[v13,18/21] KVM: x86/xen: don't block on pfncache locks in kvm_xen_set_evtchn_fast()
Commit Message
From: Paul Durrant <pdurrant@amazon.com>
As described in [1] compiling with CONFIG_PROVE_RAW_LOCK_NESTING shows that
kvm_xen_set_evtchn_fast() is blocking on pfncache locks in IRQ context.
There is only actually blocking with PREEMPT_RT because the locks will
turned into mutexes. There is no 'raw' version of rwlock_t that can be used
to avoid that, so use read_trylock() and treat failure to lock the same as
an invalid cache.
[1] https://lore.kernel.org/lkml/99771ef3a4966a01fefd3adbb2ba9c3a75f97cf2.camel@infradead.org/T/#mbd06e5a04534ce9c0ee94bd8f1e8d942b2d45bd6
Signed-off-by: Paul Durrant <pdurrant@amazon.com>
Reviewed-by: David Woodhouse <dwmw@amazon.co.uk>
---
Cc: Sean Christopherson <seanjc@google.com>
Cc: Paolo Bonzini <pbonzini@redhat.com>
Cc: Thomas Gleixner <tglx@linutronix.de>
Cc: Ingo Molnar <mingo@redhat.com>
Cc: Borislav Petkov <bp@alien8.de>
Cc: Dave Hansen <dave.hansen@linux.intel.com>
Cc: "H. Peter Anvin" <hpa@zytor.com>
Cc: David Woodhouse <dwmw2@infradead.org>
Cc: x86@kernel.org
v13:
- Patch title change.
v11:
- Amended the commit comment.
v10:
- New in this version.
---
arch/x86/kvm/xen.c | 30 ++++++++++++++++++++----------
1 file changed, 20 insertions(+), 10 deletions(-)
Comments
On Thu, Feb 15, 2024, Paul Durrant wrote:
> From: Paul Durrant <pdurrant@amazon.com>
>
> As described in [1] compiling with CONFIG_PROVE_RAW_LOCK_NESTING shows that
> kvm_xen_set_evtchn_fast() is blocking on pfncache locks in IRQ context.
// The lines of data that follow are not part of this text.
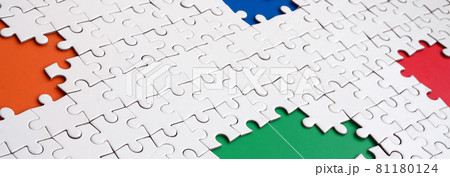 Close-up texture of a white jigsaw puzzle in assembled condition with missing elements, under which surfaces of different colors 81180124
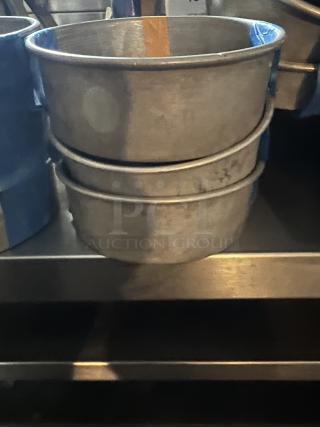 Three stacked aluminum cake pans, 7-1/4 inches in diameter, used condition. Quantity: 3.
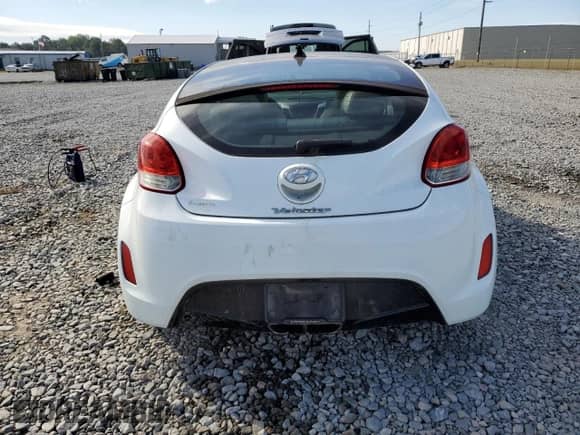 2012 Hyundai Veloster w/Gray Int z VIN KMHTC6AD0CU056764, wystawiony jako Copart lot #84646725 z przebiegiem 157 456 mil mil oraz Czysty tytuł • Clean title. Historia ofert i sprzedaży dostępna na DreamBid. Obrazek 6.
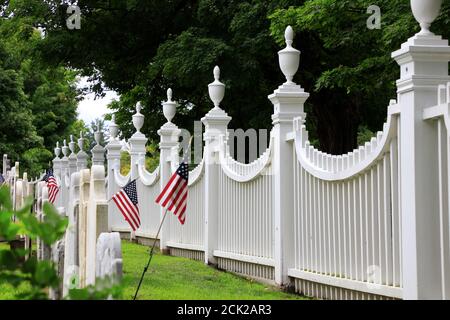 Curved white wooden fence with tombstones and US flags in Old Bennington Cemetery.First Congregational church of Bennington.Bennington.Vermont.USA Stock Photo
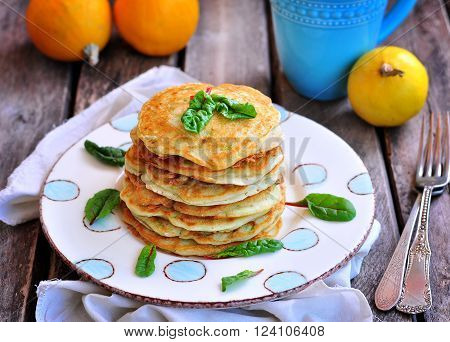 Vegetarian pancakes without eggs and sugar with coconut milk from squash and pumpkin.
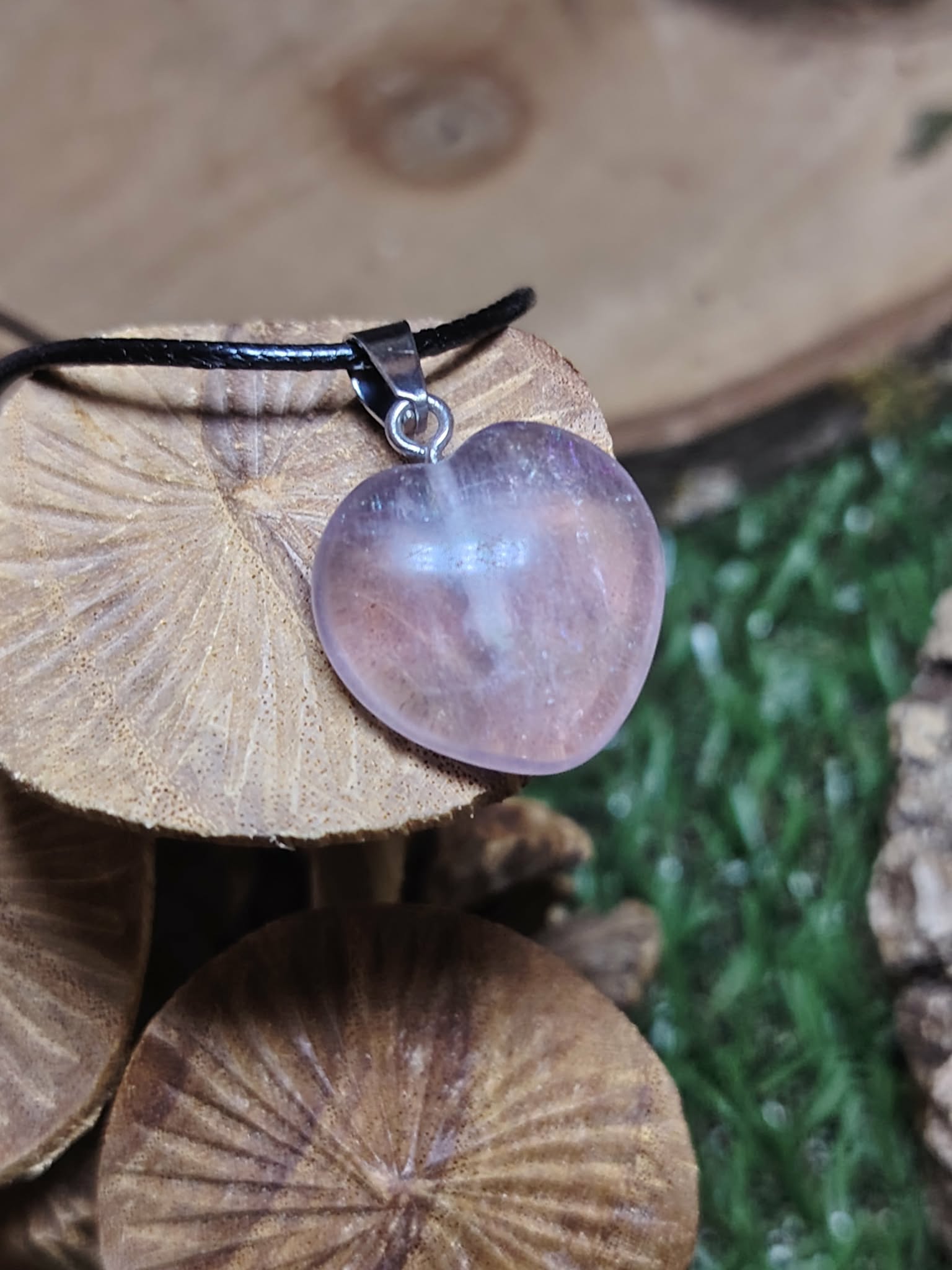 Pendentif cœur en fluorite multicolore aux nuances violettes et bleutées, suspendu sur cordon noir devant un décor végétal, évoquant clarté, apaisement et harmonie intérieure.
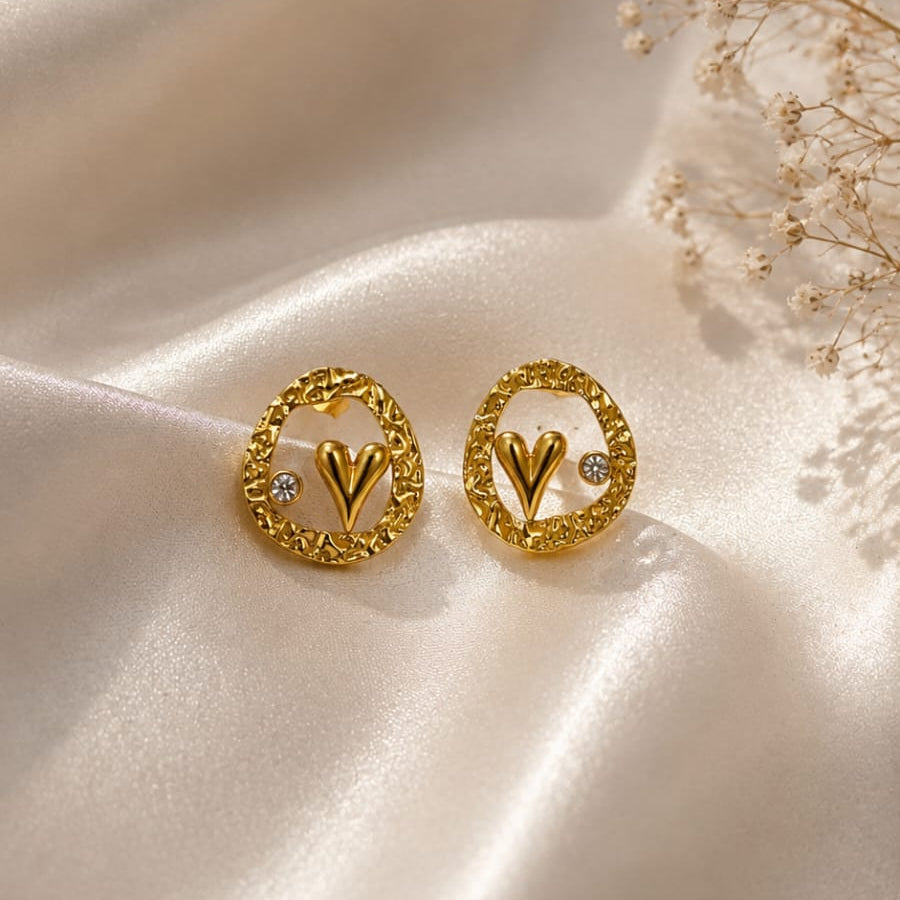 Gold earrings with heart design on a beige fabric background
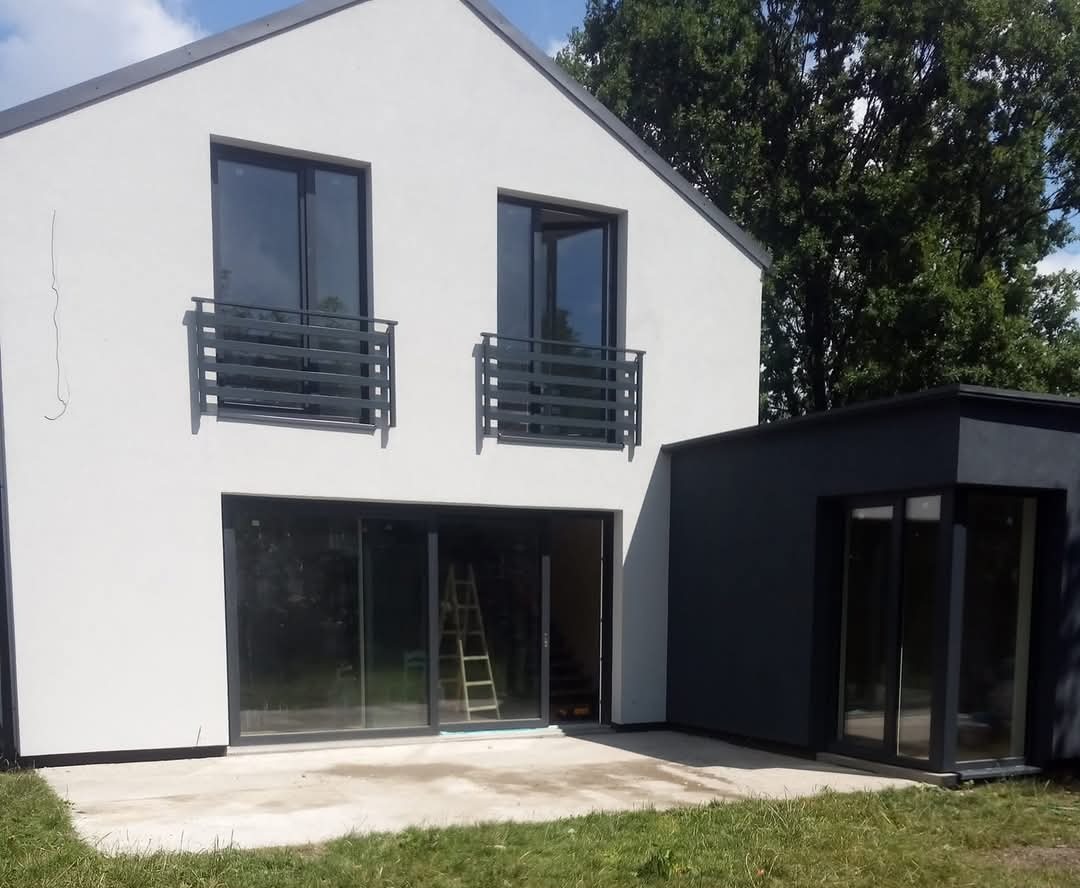 Nowoczesny dom z białą elewacją i grafitowymi oknami, widoczne balkony z barierkami, trawa przed budynkiem, drabina wewnątrz.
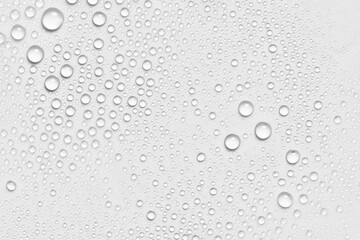 Water drops texture background. Spray, liquid droplets on gray surface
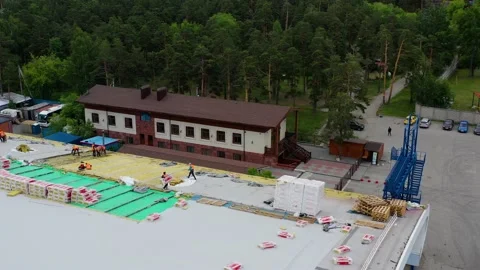 Workers on the roof stack heater Stock Footage 133025742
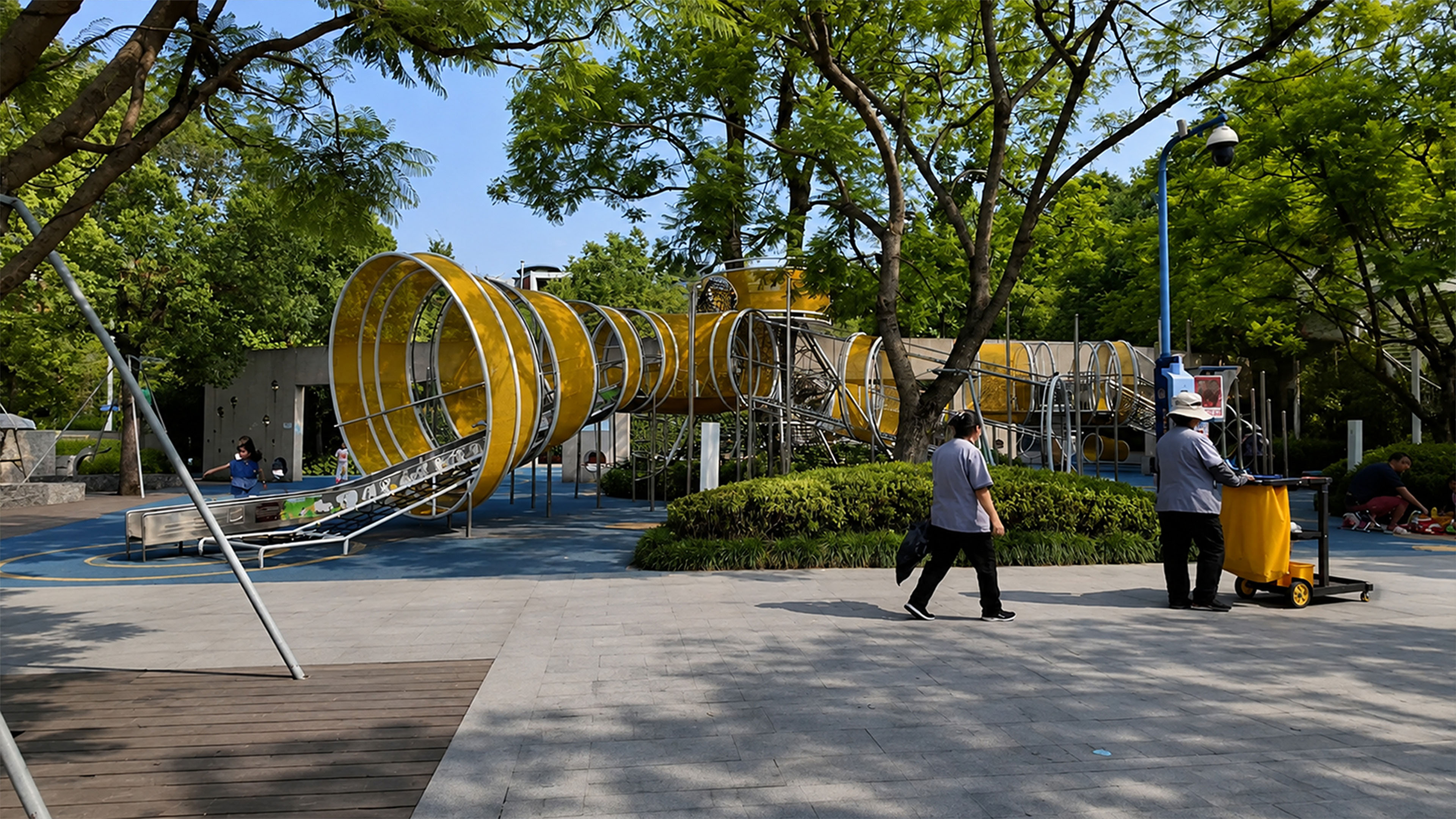 Bold yellow play structures stand out against the green landscape in ...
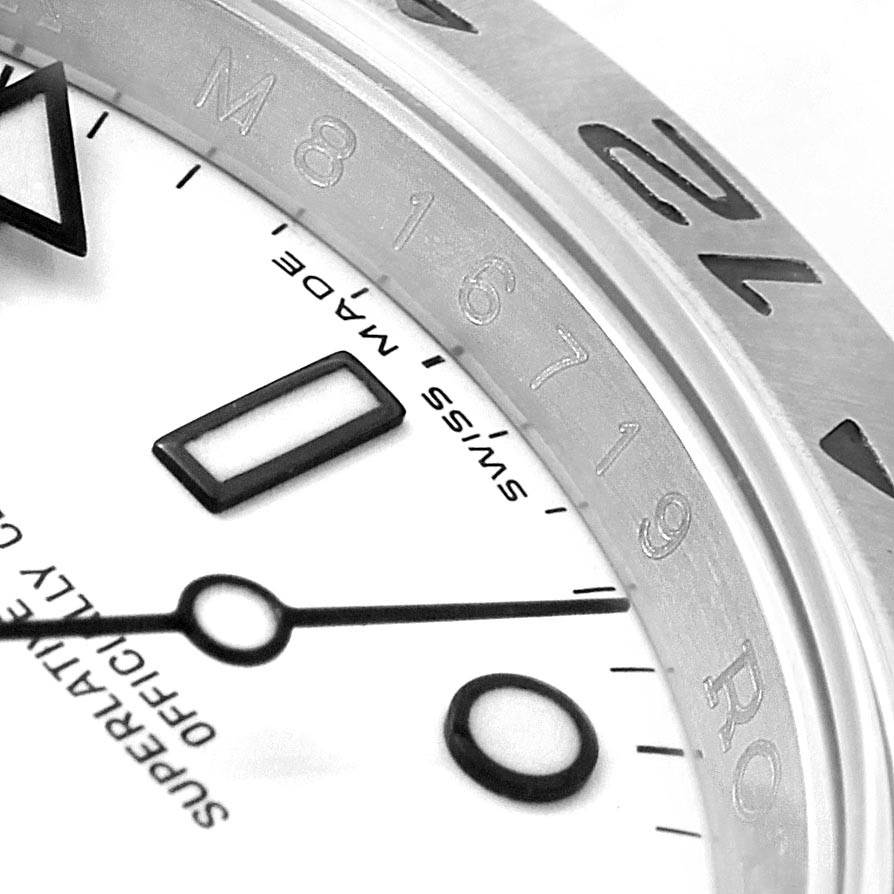 The image shows a close-up of the dial and part of the bezel of the Rolex Explorer 16570 Men's Stainless Steel White Dial 16570 Men's Stainless Steel White Dial watch.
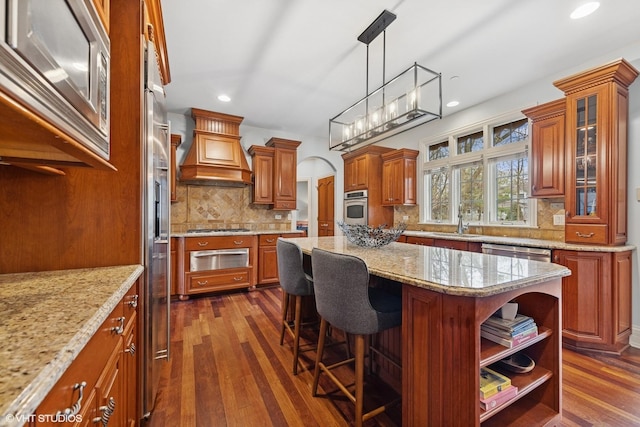 210 S Prospect St, Clarendon Hills, IL 60514 - kitchen featuring appliances with stainless steel finishes, brown cabinets, recessed lighting, a center island, and backsplash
> There is only actually blocking with PREEMPT_RT because the locks will
> turned into mutexes. There is no 'raw' version of rwlock_t that can be used
> to avoid that, so use read_trylock() and treat failure to lock the same as
> an invalid cache.
>
> [1] https://lore.kernel.org/lkml/99771ef3a4966a01fefd3adbb2ba9c3a75f97cf2.camel@infradead.org/T/#mbd06e5a04534ce9c0ee94bd8f1e8d942b2d45bd6
>
> Signed-off-by: Paul Durrant <pdurrant@amazon.com>
> Reviewed-by: David Woodhouse <dwmw@amazon.co.uk>
> ---
> Cc: Sean Christopherson <seanjc@google.com>
> Cc: Paolo Bonzini <pbonzini@redhat.com>
> Cc: Thomas Gleixner <tglx@linutronix.de>
> Cc: Ingo Molnar <mingo@redhat.com>
> Cc: Borislav Petkov <bp@alien8.de>
> Cc: Dave Hansen <dave.hansen@linux.intel.com>
> Cc: "H. Peter Anvin" <hpa@zytor.com>
> Cc: David Woodhouse <dwmw2@infradead.org>
> Cc: x86@kernel.org
>
> v13:
> - Patch title change.
>
> v11:
> - Amended the commit comment.
>
> v10:
> - New in this version.
> ---
> arch/x86/kvm/xen.c | 30 ++++++++++++++++++++----------
> 1 file changed, 20 insertions(+), 10 deletions(-)
>
> diff --git a/arch/x86/kvm/xen.c b/arch/x86/kvm/xen.c
> index 59073642c078..8650141b266e 100644
> --- a/arch/x86/kvm/xen.c
> +++ b/arch/x86/kvm/xen.c
> @@ -1678,10 +1678,13 @@ static int set_shinfo_evtchn_pending(struct kvm_vcpu *vcpu, u32 port)
> unsigned long flags;
> int rc = -EWOULDBLOCK;
>
> - read_lock_irqsave(&gpc->lock, flags);
> - if (!kvm_gpc_check(gpc, PAGE_SIZE))
> + local_irq_save(flags);
> + if (!read_trylock(&gpc->lock))
> goto out;
I am not comfortable applying this patch. As shown by the need for the next patch
to optimize unrelated invalidations, switching to read_trylock() is more subtle
than it seems at first glance. Specifically, there are no fairness guarantees.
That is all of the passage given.